A new opinion by Chief Judge Jones in the U.S. District Court for the Western District of Virginia interprets Virginia's nonsuit statute as tolling the statute of limitations on a retaliation claim under 31 U.S.C. 3730(h). To my knowledge, this is the first time a federal court has interpreted Virginia's unique nonsuit statute in the context of a 3730(h) claim. The case is United States ex rel Herndon v. Appalachian Regional Community Head Start, Inc., Civil Case No. 2:07cv0003 (W.D. Va.).
Virginia's nonsuit statute, which is found at Virginia Code 8.01-380, allows a civil plaintiff to voluntarily "nonsuit" his action one time, at any time prior to the case's submission to a jury, or to the court if the matter is being decided by a bench trial.
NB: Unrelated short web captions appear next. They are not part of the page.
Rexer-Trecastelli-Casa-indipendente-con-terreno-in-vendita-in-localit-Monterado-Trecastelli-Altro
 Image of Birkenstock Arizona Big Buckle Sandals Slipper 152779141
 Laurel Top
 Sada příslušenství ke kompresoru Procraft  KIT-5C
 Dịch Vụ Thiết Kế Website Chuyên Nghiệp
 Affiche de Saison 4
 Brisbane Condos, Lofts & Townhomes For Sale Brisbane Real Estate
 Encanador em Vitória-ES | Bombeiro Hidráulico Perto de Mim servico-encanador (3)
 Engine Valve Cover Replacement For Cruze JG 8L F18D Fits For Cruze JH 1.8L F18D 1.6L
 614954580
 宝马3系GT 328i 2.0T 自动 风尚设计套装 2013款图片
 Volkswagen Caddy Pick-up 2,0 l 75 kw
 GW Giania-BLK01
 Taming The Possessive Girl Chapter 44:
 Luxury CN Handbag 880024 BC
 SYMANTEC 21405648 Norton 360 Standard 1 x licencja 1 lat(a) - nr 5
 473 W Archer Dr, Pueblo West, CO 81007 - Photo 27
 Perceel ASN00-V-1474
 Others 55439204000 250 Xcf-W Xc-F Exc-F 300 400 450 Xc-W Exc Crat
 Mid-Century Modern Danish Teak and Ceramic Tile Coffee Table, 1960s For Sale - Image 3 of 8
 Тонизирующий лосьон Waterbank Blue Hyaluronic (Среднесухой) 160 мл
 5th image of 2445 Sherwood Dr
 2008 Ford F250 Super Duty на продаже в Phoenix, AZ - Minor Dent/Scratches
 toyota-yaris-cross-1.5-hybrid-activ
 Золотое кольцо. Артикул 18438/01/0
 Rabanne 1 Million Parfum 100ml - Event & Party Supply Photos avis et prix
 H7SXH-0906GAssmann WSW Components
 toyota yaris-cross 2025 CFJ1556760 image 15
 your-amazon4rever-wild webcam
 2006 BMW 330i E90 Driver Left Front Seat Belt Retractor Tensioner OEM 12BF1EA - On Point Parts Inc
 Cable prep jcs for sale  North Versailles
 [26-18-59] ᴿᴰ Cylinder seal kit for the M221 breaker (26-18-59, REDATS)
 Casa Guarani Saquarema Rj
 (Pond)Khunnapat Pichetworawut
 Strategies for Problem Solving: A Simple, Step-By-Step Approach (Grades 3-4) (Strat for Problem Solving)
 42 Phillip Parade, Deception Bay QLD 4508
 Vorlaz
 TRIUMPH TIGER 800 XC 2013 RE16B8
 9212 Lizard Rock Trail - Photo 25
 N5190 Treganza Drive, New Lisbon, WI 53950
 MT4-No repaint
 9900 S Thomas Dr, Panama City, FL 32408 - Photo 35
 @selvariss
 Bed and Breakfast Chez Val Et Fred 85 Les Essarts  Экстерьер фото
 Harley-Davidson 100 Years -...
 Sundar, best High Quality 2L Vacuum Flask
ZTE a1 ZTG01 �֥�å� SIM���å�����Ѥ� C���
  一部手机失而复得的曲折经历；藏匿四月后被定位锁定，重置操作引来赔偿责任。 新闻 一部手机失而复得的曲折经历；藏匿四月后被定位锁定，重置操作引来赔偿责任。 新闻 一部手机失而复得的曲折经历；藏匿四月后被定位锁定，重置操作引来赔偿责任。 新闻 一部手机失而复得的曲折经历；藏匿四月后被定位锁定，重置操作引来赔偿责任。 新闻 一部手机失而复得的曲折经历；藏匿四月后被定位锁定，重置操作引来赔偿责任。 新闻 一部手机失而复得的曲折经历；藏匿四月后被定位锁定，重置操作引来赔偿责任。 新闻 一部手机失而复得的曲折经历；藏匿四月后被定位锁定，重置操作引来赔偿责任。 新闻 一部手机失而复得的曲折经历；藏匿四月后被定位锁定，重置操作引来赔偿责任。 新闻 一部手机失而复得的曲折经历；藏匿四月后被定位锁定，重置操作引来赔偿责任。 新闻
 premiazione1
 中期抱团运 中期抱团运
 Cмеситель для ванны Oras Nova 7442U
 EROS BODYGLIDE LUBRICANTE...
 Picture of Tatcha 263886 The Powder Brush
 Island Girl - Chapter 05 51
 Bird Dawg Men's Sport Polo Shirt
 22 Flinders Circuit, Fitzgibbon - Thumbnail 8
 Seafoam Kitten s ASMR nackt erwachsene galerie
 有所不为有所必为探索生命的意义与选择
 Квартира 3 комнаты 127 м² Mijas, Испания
Simply stated, the nonsuit constitutes a dismissal without prejudice, and the plaintiff then has the longer of six months from the date the nonsuit order was entered, or until the actual statute of limitations period runs, to refile his or her suit.
Virginia Supreme Court opinions have made it clear that this is an absolute right, and that no condition can be placed upon a plaintiff's right to one nonsuit. As one might imagine, the nonsuit can be a powerful tactical tool if used by a plaintiff to its full potential.
Congratulations to Abingdon lawyer and TAF Member Mark T. Hurt for this victory.